Patricia Cassidy, chief officer of Falkirk Health and Social Care Partnership which sees Falkirk Council and NHS Forth Valley work together to deliver services, said: “NHS Forth Valley, along with colleagues from Falkirk Council, acted very quickly to provide targeted support to this care home several weeks ago when we were first alerted.

“The health board arranged for all care home staff and residents to be tested not just those who were displaying symptoms, an approach which has recently been adopted nationally.

“As a result, it was quickly identified that a number of care home staff had the virus and they were immediately sent home to self-isolate. In order to help the care home maintain adequate staffing levels the health board and the council arranged for a number of experienced NHS and social care staff to provide support to the home for a few days until alternative staffing arrangements could be put in place.

“The health board’s Public Health team also provided specialist advice and support to care home staff to help prevent the spread of virus and ensure appropriate infection prevention and control measures were in place for any residents who had tested positive.

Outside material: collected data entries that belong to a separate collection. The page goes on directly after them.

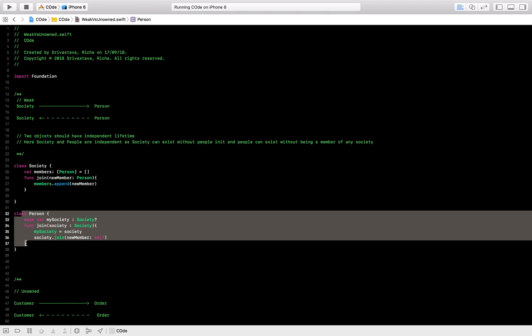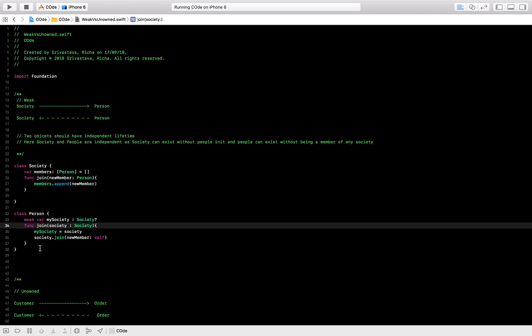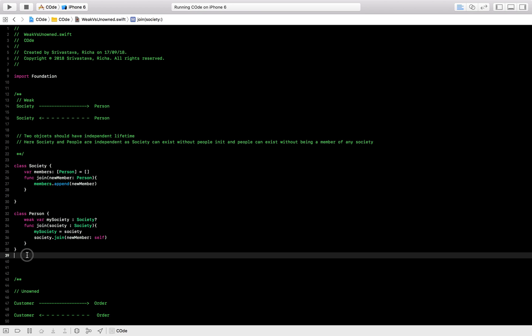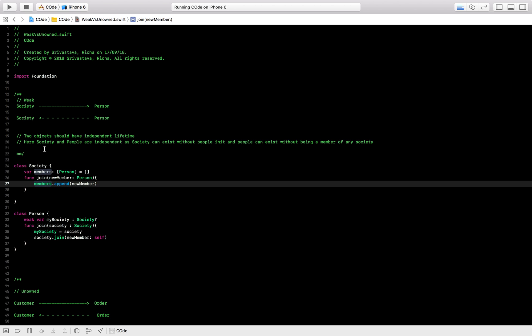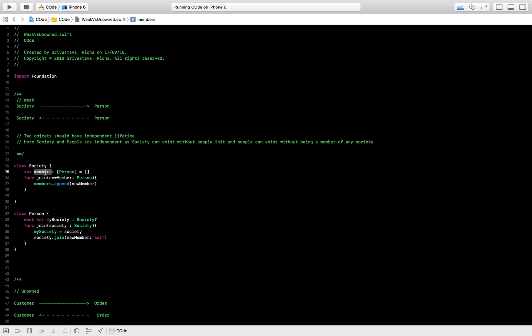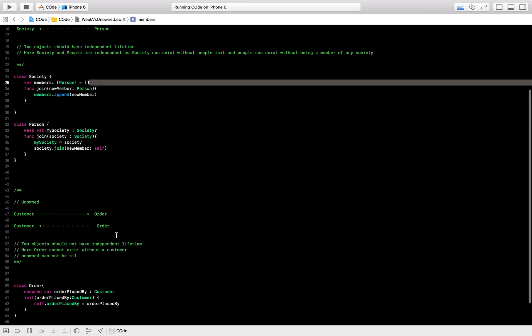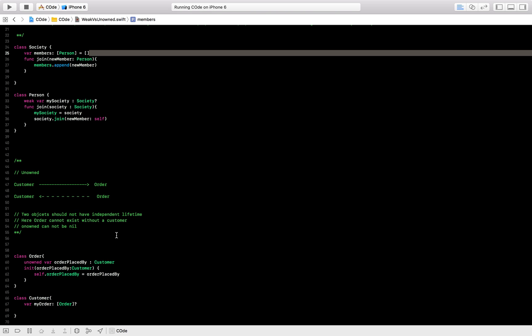Whenever ARC wants to remove a Person, the reference count can decrease to zero and it will be removed from memory. So that's where you use weak — when your objects are independent of each other and your objects are nullable. They can be some value or they can be null, so they are optional.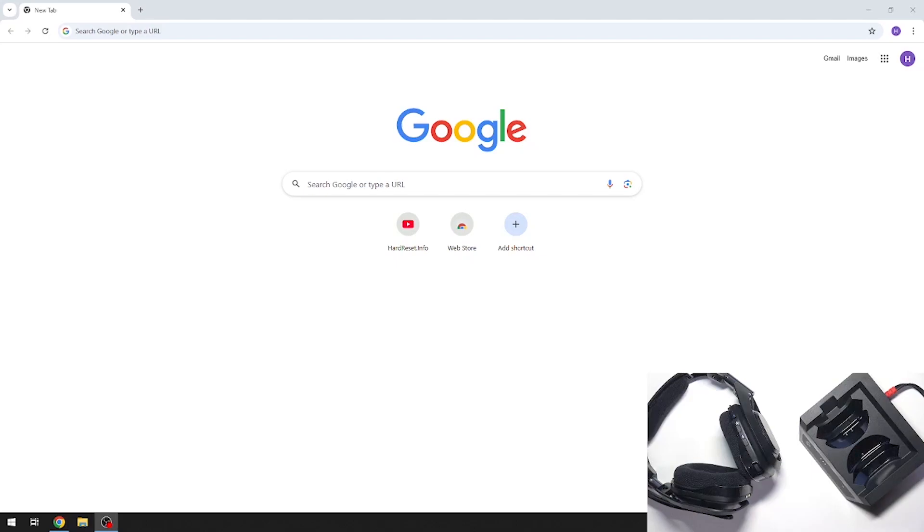Hi everybody and welcome. Today I have Logitech G-Astro A50X headphones and I'm going to show you how you can easily download software for your Windows PC.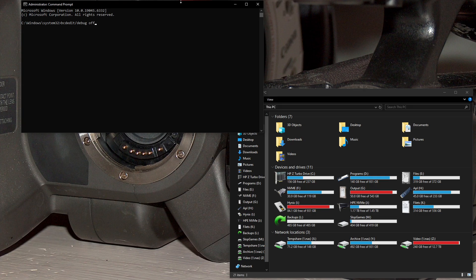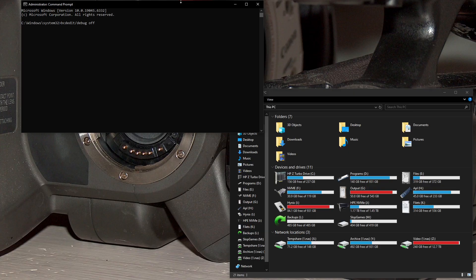Now this is a command that disables kernel mode debugging, which is a Windows debugging development tool, and it shouldn't affect any of your other software.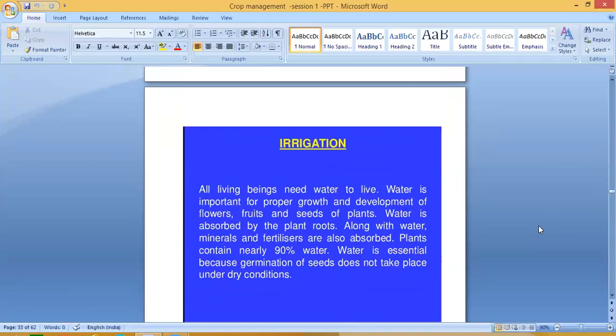The next topic is irrigation. All living beings need water to live. Water is important for the proper growth and development of flowers, fruits and seeds of plants. Water is absorbed by plant roots, and along with water, minerals and fertilizers are also absorbed. Plants contain nearly 90% water. Germination of seeds does not take place under dry conditions — water is essential.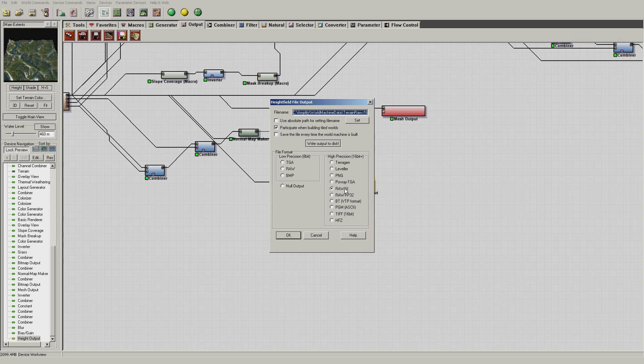Splat map and control splat usage will be covered in the next Amplify Terrain video. In this video we will only demonstrate how to use a multi-tile diffuse and normal collection with the Unity Terrain system.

“Most of the care home staff have now returned to work and there have been no further positive Covid-19 cases for more than three weeks.

“The Health and Social Care Partnership is in daily contact with all care homes across the local area to identify any emerging issues or concerns and is working closely with the health board to provide ongoing support.”

In its most recent update, the Scottish Government has said that 58 per cent of all adult care homes have had at least one case of coronavirus and currently 45 per cent of homes have at least one resident with symptoms in the past 14 days.